Sua temporada na capital piauiense será rápida – daqui a três meses, no máximo, ele volta para casa. Inácio não sabe explicar ao certo porque decidiu encarar uma viagem de mais de 850 quilômetros – mas acredita ter tomado afeição pelos estados Piauí e Maranhão. Ele chega cedo no ponto de vendas, estende o material e fica na companhia do rádio, que escuta pelo celular, e das carretas que passam pela rodovia margeando a cabana que faz de loja.

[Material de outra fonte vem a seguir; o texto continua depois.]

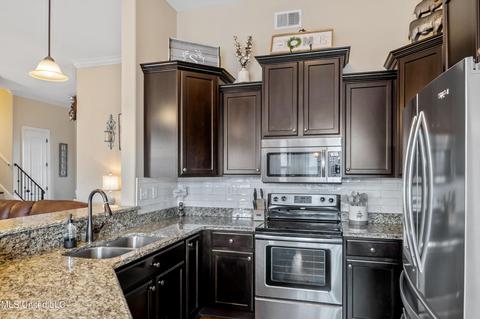 4250 Ritchie Dr, Olive Branch, MS 38654 photo 9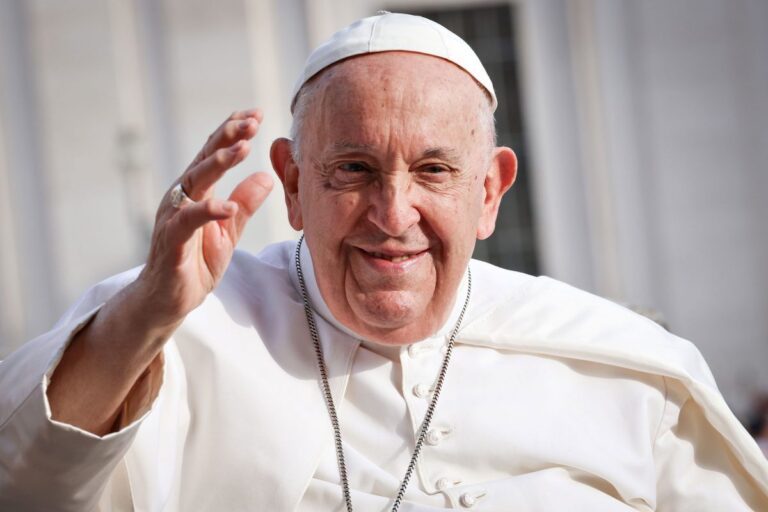 Tras 25 días hospitalizado: Papa Francisco pasó una noche tranquila y continúa descansando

O barulho dos transportes é, muitas vezes, cortado por diálogos inusitados de motoristas que passam por ali. Ao longe, um caminhoneiro grita: “É Bolsonaro, rapaz!”. Incomodado, o guia do carro que vem em seguida aciona a buzina e dispara: “Aguenta, que o Lula vem aí de novo!”. Os dois motoristas entram em uma conversa regada a xingamentos até sumirem da vista de Inácio – mas logo ele tem que parar de dar atenção: chegou mais um cliente para comprar as toalhas estampadas com os protagonistas do embate.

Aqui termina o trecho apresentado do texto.